Estrogen-Only HRT Safe for 15 Years


After Hysterectomy, Breast Cancer Risk Rises Only After 15 Years of HRT

May 8, 2006 -- Estrogen-only hormone therapy taken after hysterectomy ups a woman's risk of breast cancer -- but only after 15 years of treatment.

The reassuring news comes from nearly 29,000 women enrolled in the Nurses' Health Study. It reinforces a recent report from the Women's Health Initiative finding no increased risk of breast cancer after more than seven years of estrogen-only hormone therapy.

The finding applies just to estrogen-only HRT prescribed for women who have had a hysterectomy (removal of the uterus).
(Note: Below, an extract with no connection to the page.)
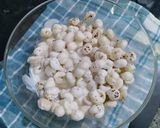 A picture of step 4 of Makhana chat.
For women with a uterus, estrogen alone greatly increases the risk of uterine cancer. To avoid this risk, HRT for women with a uterus balances estrogen with progesterone. But adding progesterone to estrogen increases the risk of breast cancer.

15 Years of Treatment


Women who keep taking estrogen-only HRT for 15 years or longer do up their risk of breast cancer.
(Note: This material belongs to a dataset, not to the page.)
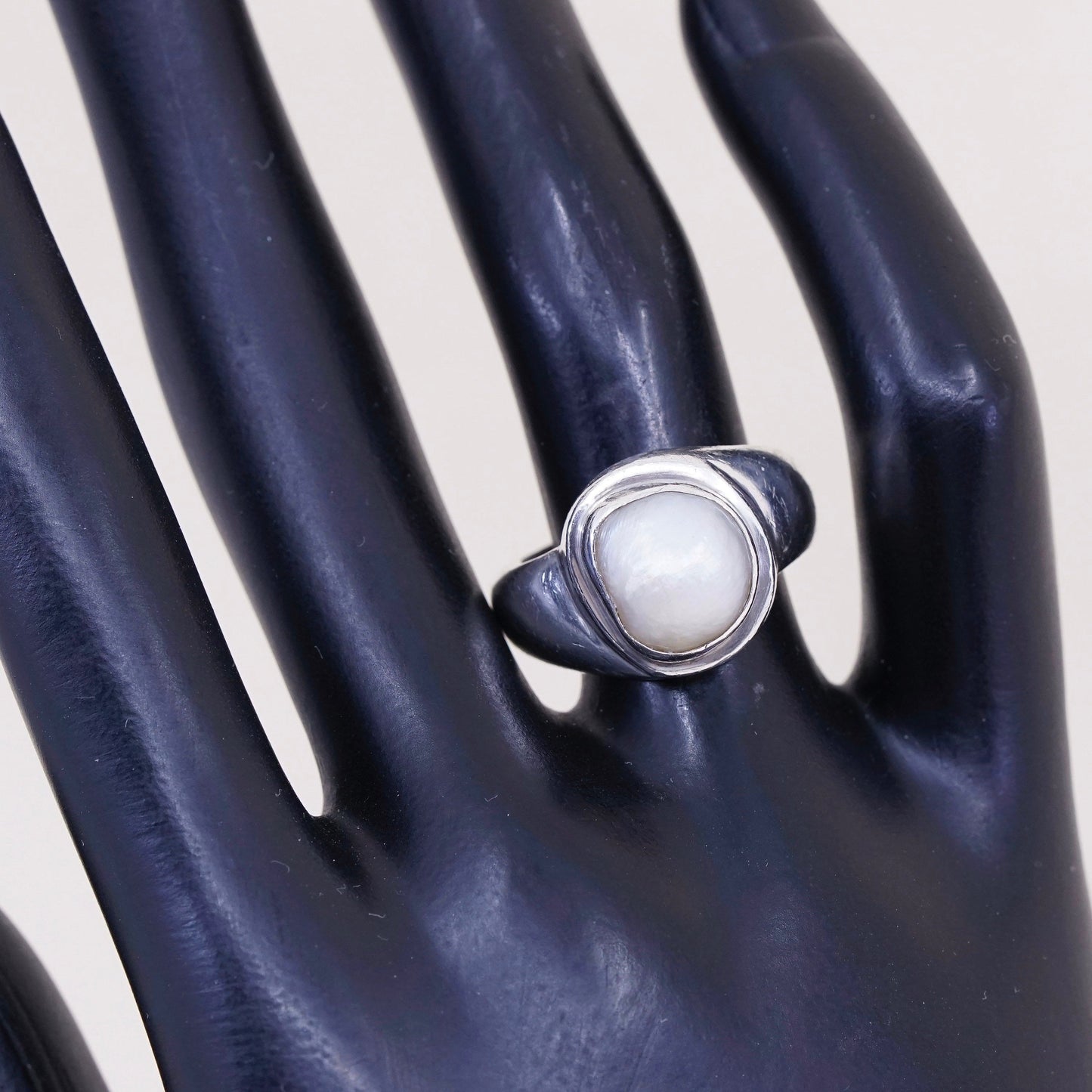sz 8.5, vtg Sterling silver handmade ring, modern 925 band w//th pearl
Study leader Wendy Y. Chen, MD, MPH, is an oncologist at Brigham and Women's Hospital and Dana Farber Cancer Institute, Boston. "In long-term users of estrogen, after 15 years there was a statistically significant increased risk in hormone-receptor-positive breast cancers," Chen tells WebMD. "After 20 years, there was a significantly increased risk for all types of breast cancer."
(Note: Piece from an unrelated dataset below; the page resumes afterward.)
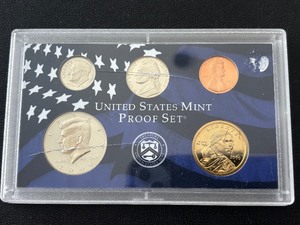 lot 8 image: 2000-S Proof Set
Chen and colleagues report the findings in the May 8 issue of Archives of Internal Medicine.

How Much Breast Cancer Risk?


Some breast cancers grow faster in the presence of the sex hormones estrogen and progesterone. Only these hormone-sensitive breast cancers were seen 48% more often in women taking estrogen HRT for 15-20 years. Women who took estrogen-only HRT for 20 years or more had a 73% higher risk of hormone-sensitive breast cancer than women who never used HRT.

That's still not a huge increase in risk, says Hugh Taylor, MD, director of the menopause program at Yale University. Taylor has received speakers' fees from -- but has no financial interest in -- Wyeth Pharmaceuticals, the maker of Premarin and Prempro HRT products. Wyeth is a WebMD sponsor.

"This is a very small risk," Taylor tells WebMD. "An increase of about 50% after 15 years is still a relatively small number of breast cancers."